RECORDS FOR THE TASK:
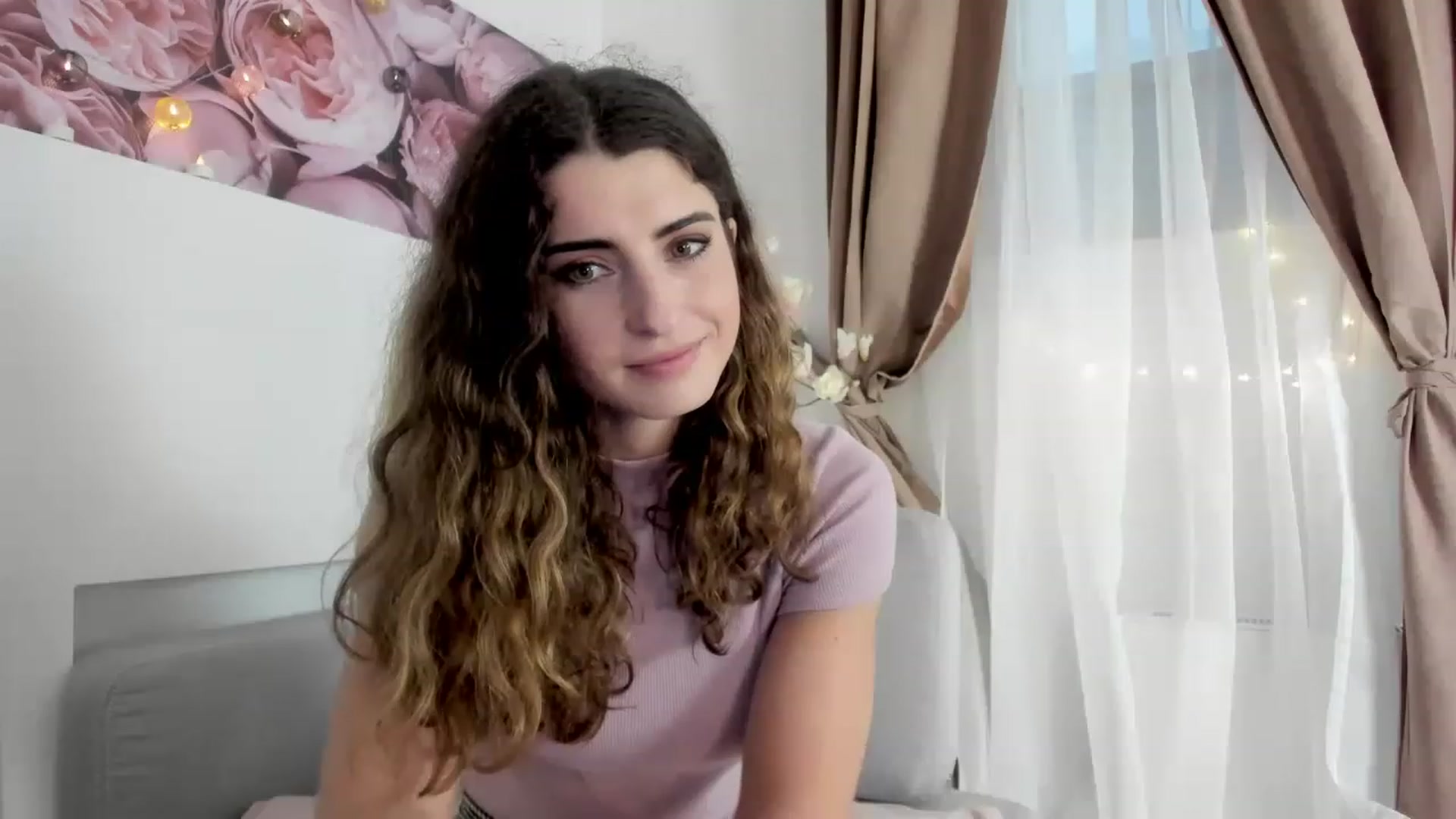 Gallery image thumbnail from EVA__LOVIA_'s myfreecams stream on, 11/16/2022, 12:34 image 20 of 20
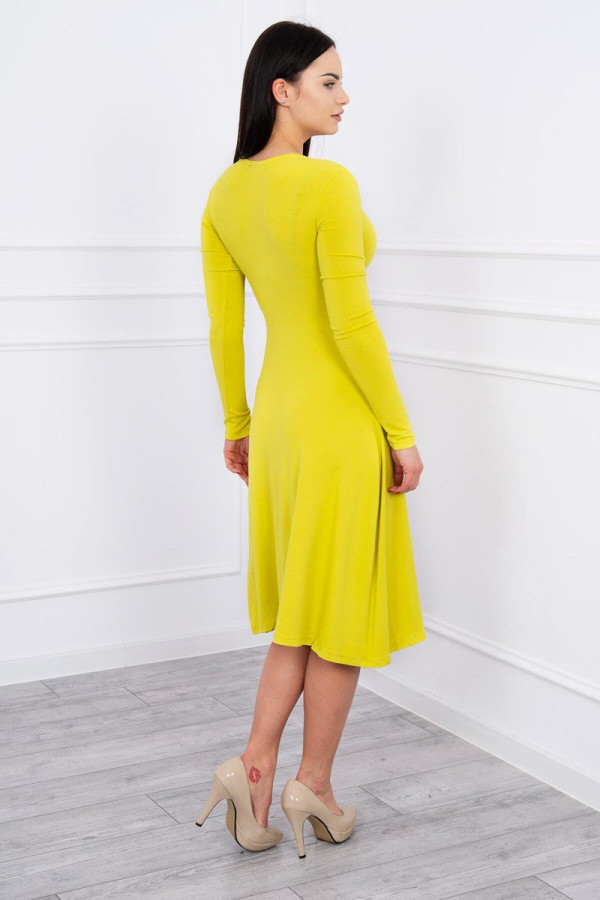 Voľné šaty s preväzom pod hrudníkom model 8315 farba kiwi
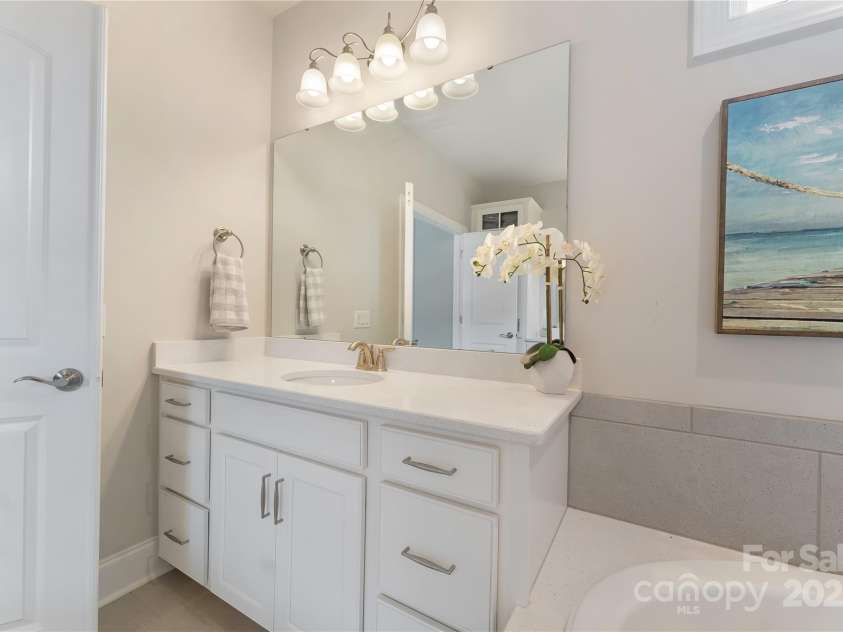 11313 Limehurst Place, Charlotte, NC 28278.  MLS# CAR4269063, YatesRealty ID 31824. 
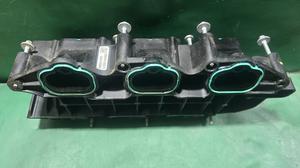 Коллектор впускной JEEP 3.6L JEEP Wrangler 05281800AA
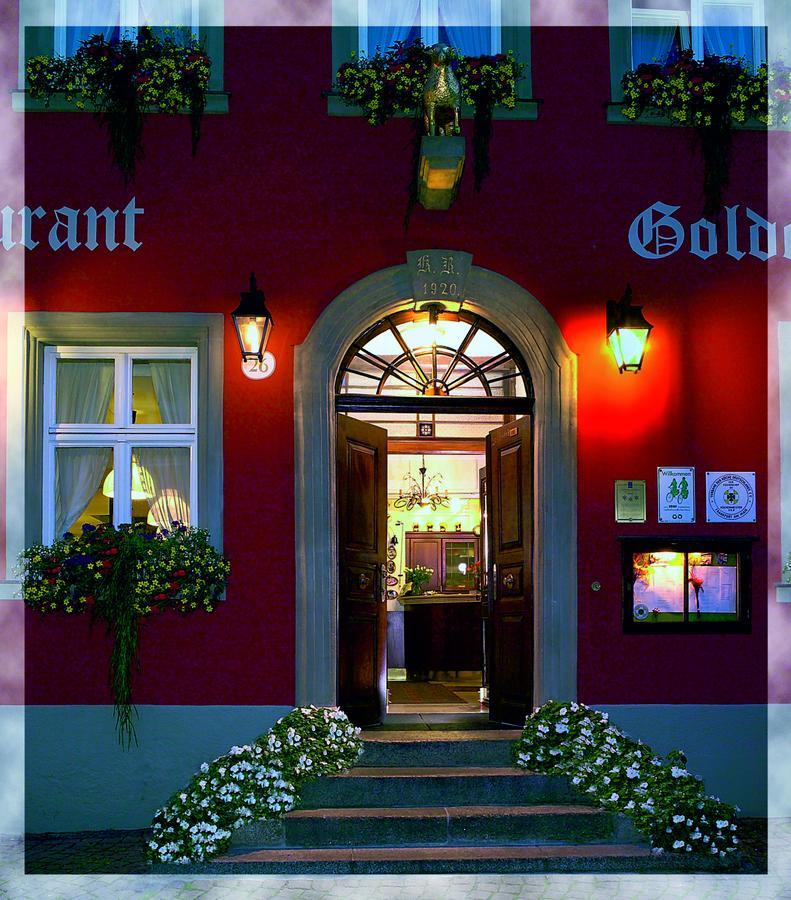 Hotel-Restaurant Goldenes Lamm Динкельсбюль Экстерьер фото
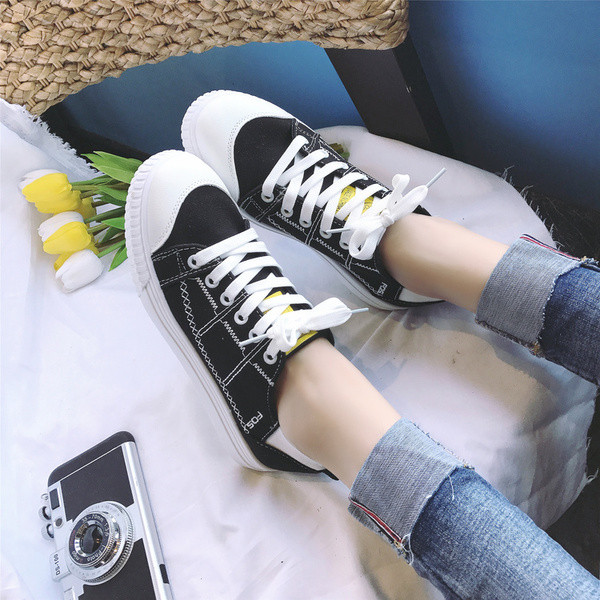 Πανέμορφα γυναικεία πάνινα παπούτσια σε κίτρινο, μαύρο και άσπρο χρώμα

ASSIGNMENT: Nothing except the lines from the one containing "Voľné šaty s" through the one containing "Hotel-Restaurant Goldenes Lamm" should appear in the answer, exactly as above and without pictures.

PROBLEM SOLUTION:
 Voľné šaty s preväzom pod hrudníkom model 8315 farba kiwi
 11313 Limehurst Place, Charlotte, NC 28278.  MLS# CAR4269063, YatesRealty ID 31824. 
 Коллектор впускной JEEP 3.6L JEEP Wrangler 05281800AA
 Hotel-Restaurant Goldenes Lamm Динкельсбюль Экстерьер фото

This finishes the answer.